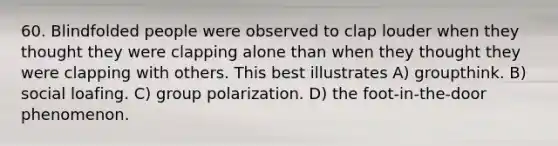 60. Blindfolded people were observed to clap louder when they thought they were clapping alone than when they thought they were clapping with others. This best illustrates A) groupthink. B) social loafing. C) group polarization. D) the foot-in-the-door phenomenon.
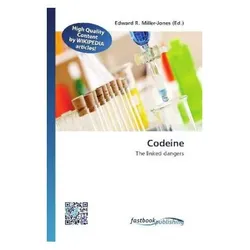 Codeine, Ratgeber von Edward R. Miller-Jones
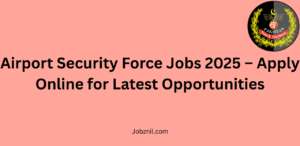 Airport Security Force Jobs 2025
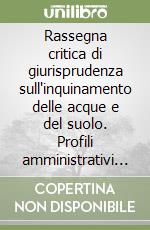 Rassegna critica di giurisprudenza sull'inquinamento delle acque e del suolo. Profili amministrativi penali e sanitari libro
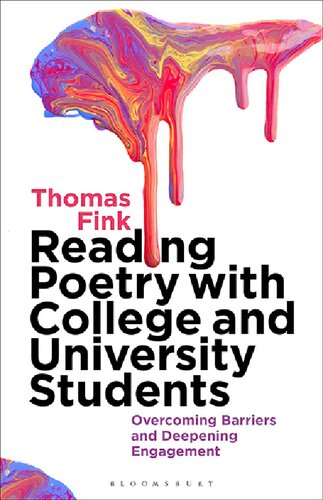 Reading Poetry With College And University Students Thomas Fink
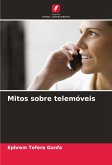 Mitos sobre telemóveis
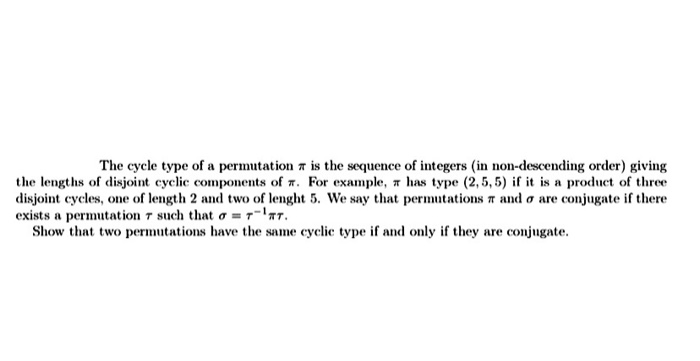 Solved The cycle type of a permutation is the sequence of | Chegg.com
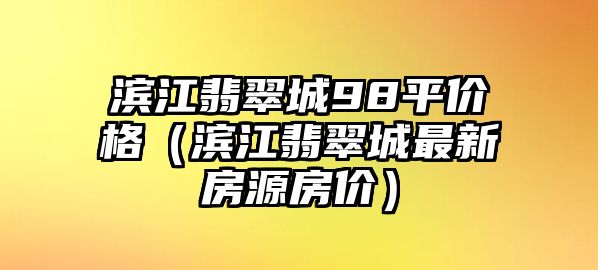 濱江翡翠城98平價格（濱江翡翠城最新房源房價）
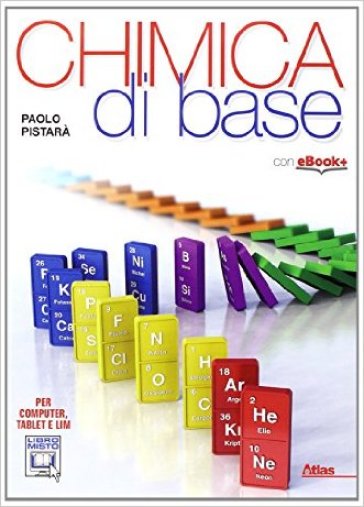 Chimica di base. Per gli Ist. tecnici. Con e-book. Con espansione online - Paolo Pistarà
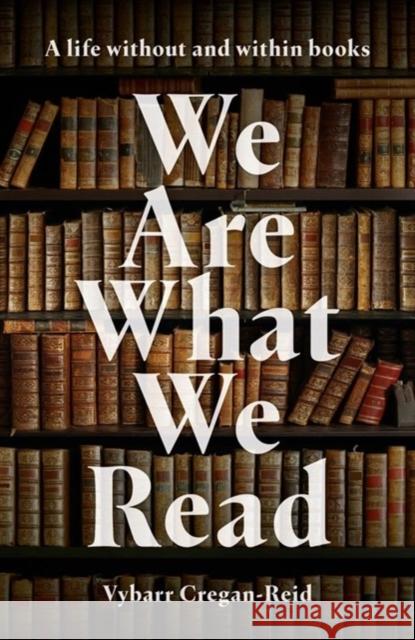 We Are What We Read: A Life Within and Without Books Vybarr Cregan-Reid 9781785908187 Biteback Publishing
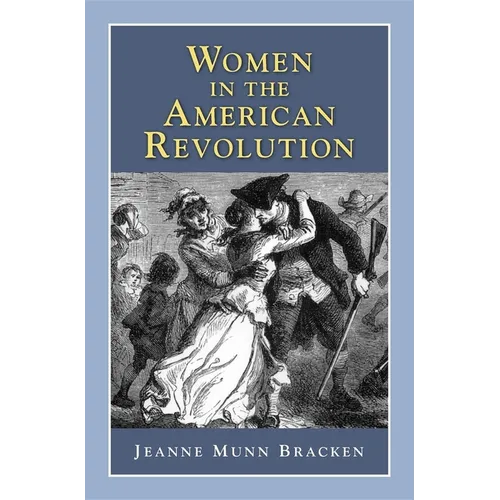 Women in the American Revolution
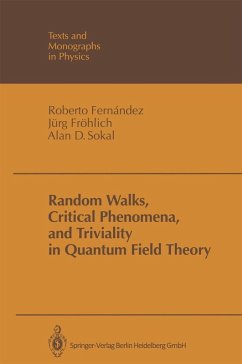 Random Walks, Critical Phenomena, and Triviality in Quantum Field Theory (eBook, PDF) - Fernandez, Roberto; Fröhlich, Jürg; Sokal, Alan D.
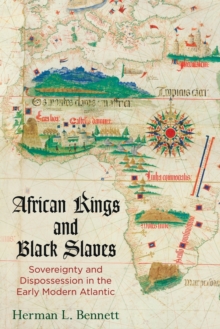 African Kings and Black Slaves : Sovereignty and Dispossession in the Early Modern Atlantic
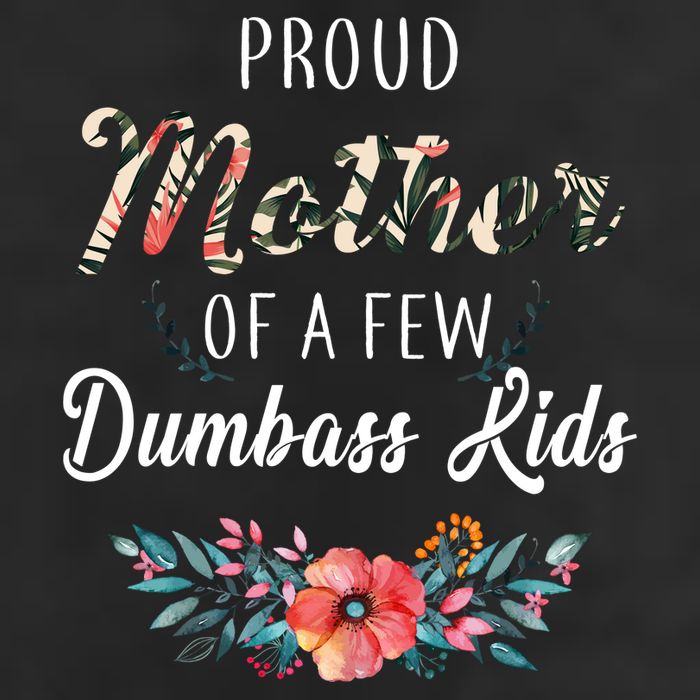Proud Mother Of A Few Dumbass Kids Floral  Golf Towel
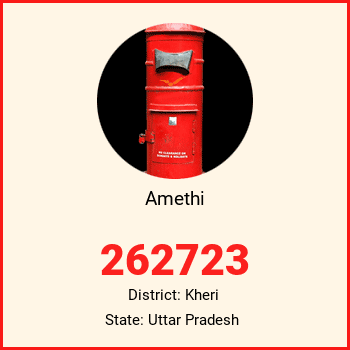 Amethi pin code, district Kheri in Uttar Pradesh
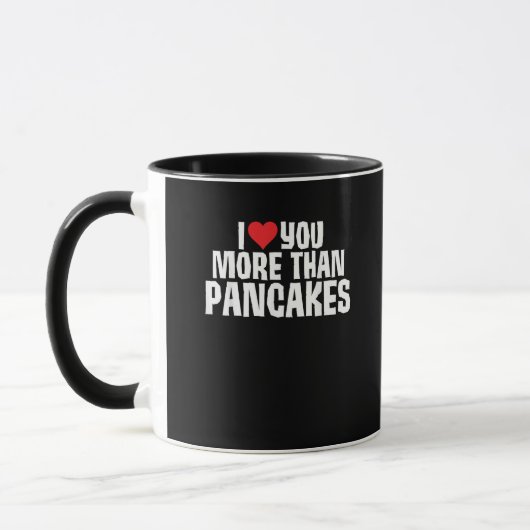 I Love You More Than Pancakes Funny Romantic Quote マグカップ (左)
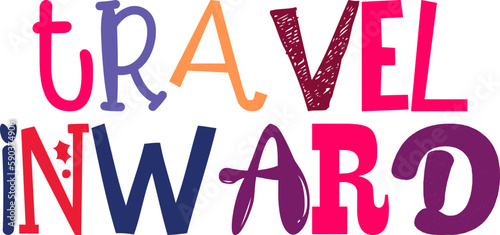 Travel Inward Hand Lettering Illustration for Newsletter, Decal, Magazine, Motion Graphics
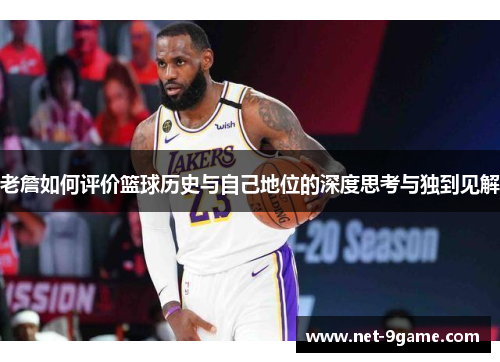 老詹如何评价篮球历史与自己地位的深度思考与独到见解 老詹如何评价篮球历史与自己地位的深度思考与独到见解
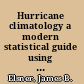 Hurricane climatology a modern statistical guide using R /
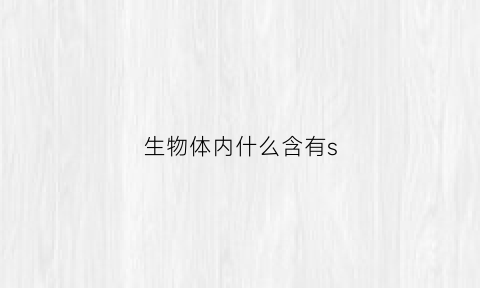 生物体内什么含有s(生物体内都含有水吗)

Exercise instructions: Leaving the pictures aside, give back all the records exactly as they are.

Exercise result:
 60. Blindfolded people were observed to clap louder when they thought they were clapping alone than when they thought they were clapping with others. This best illustrates A) groupthink. B) social loafing. C) group polarization. D) the foot-in-the-door phenomenon.
 Codeine, Ratgeber von Edward R. Miller-Jones
 Airport Security Force Jobs 2025
 Rassegna critica di giurisprudenza sull'inquinamento delle acque e del suolo. Profili amministrativi penali e sanitari libro
 Reading Poetry With College And University Students Thomas Fink
 Mitos sobre telemóveis
 Solved The cycle type of a permutation is the sequence of | Chegg.com
 濱江翡翠城98平價格（濱江翡翠城最新房源房價）
 Chimica di base. Per gli Ist. tecnici. Con e-book. Con espansione online - Paolo Pistarà
 We Are What We Read: A Life Within and Without Books Vybarr Cregan-Reid 9781785908187 Biteback Publishing
 Women in the American Revolution
 Random Walks, Critical Phenomena, and Triviality in Quantum Field Theory (eBook, PDF) - Fernandez, Roberto; Fröhlich, Jürg; Sokal, Alan D.
 African Kings and Black Slaves : Sovereignty and Dispossession in the Early Modern Atlantic
Proud Mother Of A Few Dumbass Kids Floral  Golf Towel
 Amethi pin code, district Kheri in Uttar Pradesh
 I Love You More Than Pancakes Funny Romantic Quote マグカップ (左)
 Travel Inward Hand Lettering Illustration for Newsletter, Decal, Magazine, Motion Graphics
 老詹如何评价篮球历史与自己地位的深度思考与独到见解 老詹如何评价篮球历史与自己地位的深度思考与独到见解
 Hurricane climatology a modern statistical guide using R /
 生物体内什么含有s(生物体内都含有水吗)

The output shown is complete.